ヨハネスとオットが特別に昵懇の間柄というわけではない。だが、互いに名を知らぬ仲でもなかった。
七年ほど前に……。
ヨハネスはオット・ジャッドと、ブランデンブルク=アンスバッハ辺境伯アルブレヒト・アヒレスの面前で試合をし、引き分けになったことがある。
この試合は、オット・ジャッドが辺境伯宮廷へ武芸指南役として仕官するための、いわば試験のようなものであったが、オットの勝ちとならなかったので、仕官は見合わせということになった。
ヨハネスがオットの相手にえらばれたのは、辺境伯家臣にヨハネスの門人がいて、
「ぜひとも、ヨハネス先生を指南役に……」
と、言上した故もあった。
ヨハネスにも、仕官の機会があった、という事である。
二人の立ち合いは、双方ともに試合用の刃引きの長剣を構えて、睨み合うこと約一刻(二時間)にわたったという。
武芸者は、様々な闘法に長けている。
オットはその中でも、組討ちを得意としてきた。
強い一撃で斬り結び、鍔迫り合いまで間合いを詰め、そこから組み付いて投げ倒す事に絶対の自信を持っていたが、ヨハネスの技量がそれを許さなかった。
奇しくも、ヨハネスも斬り結びからの近間の攻防に特色を持つ剣士だったのだ。
失敗に終わった最初の攻撃でそれを悟ったオットは、それ以上攻め込む事ができなくなったが、ヨハネスも攻め込む事をしなかった。
後になってオット・ジャッドは門人たちへ、
「あのときは、ヨハネスさんが引き分けにして下されたのだ。おれはしまいに呼吸があがってきて、どうにもならなくなったが、ヨハネスさんはびくともしなかった。あの大きな体がさらに二倍にも三倍にも見え、いやどうにも、手も足も出なかった。ヨハネスさんが引き分けてくれたのは、それとなく、おれの仕官が首尾よくはこぶようにしてくれたのであろうよ」
と、いったそうだ。
その後。一、二度、何かの宴席で二人は会っている。
久しぶりにヨハネスを迎えたオット・ジャッドは大よろこびで、客間へ招じ、酒でもてなしてくれた。
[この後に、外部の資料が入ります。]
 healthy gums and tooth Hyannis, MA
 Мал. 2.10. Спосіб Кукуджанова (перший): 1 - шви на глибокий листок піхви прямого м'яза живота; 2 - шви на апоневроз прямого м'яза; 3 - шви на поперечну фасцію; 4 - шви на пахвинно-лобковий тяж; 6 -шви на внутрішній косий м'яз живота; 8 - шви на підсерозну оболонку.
まだ四十歳のオット・ジャッドだが、温厚でいて語ること少なく、みずから実践することによって、おのずから門人たちを指導して行くという人物であった。
こうしたオットだけに、ヨハネスはいっさいを包み隠さず打ち明け、ザーラ・フォン・レヒフェルトについて問うたのである。
「ま、ヨハネスさん。一度、ごらんになられたらよい」
「ザーラさま、をか?」
くっくっと笑いながらオット・ジャッドが、
「あのむすめごなら、なるほど、おのれより強い亭主でなくてはおさまりますまい」
「ふむ……おもしろいですな」
「それにしても、ヨハネスさんのご子息へ、ハルスドルフ家の用人が……?」
「せがれに、ザーラ・フォン・レヒフェルトの腕の骨を折らせようとしたのでしょう。そんな事をして、オットー公の機嫌を損ねるだけのような気がするが……」
「ははあ……! で、いかがなさる?」
「ここまでわかれば、十分です。せがれは金を突き返して、ことわった。それで話は終わりです」
「なれどヨハネスさん……ご子息のかわりに、別の、どこかの剣客がハルスドルフ家の依頼を受けたやも知れませぬな」
「む……それはあるやもしれません」
二人は顔を見合わせ、しばらく黙っておもいにふけった。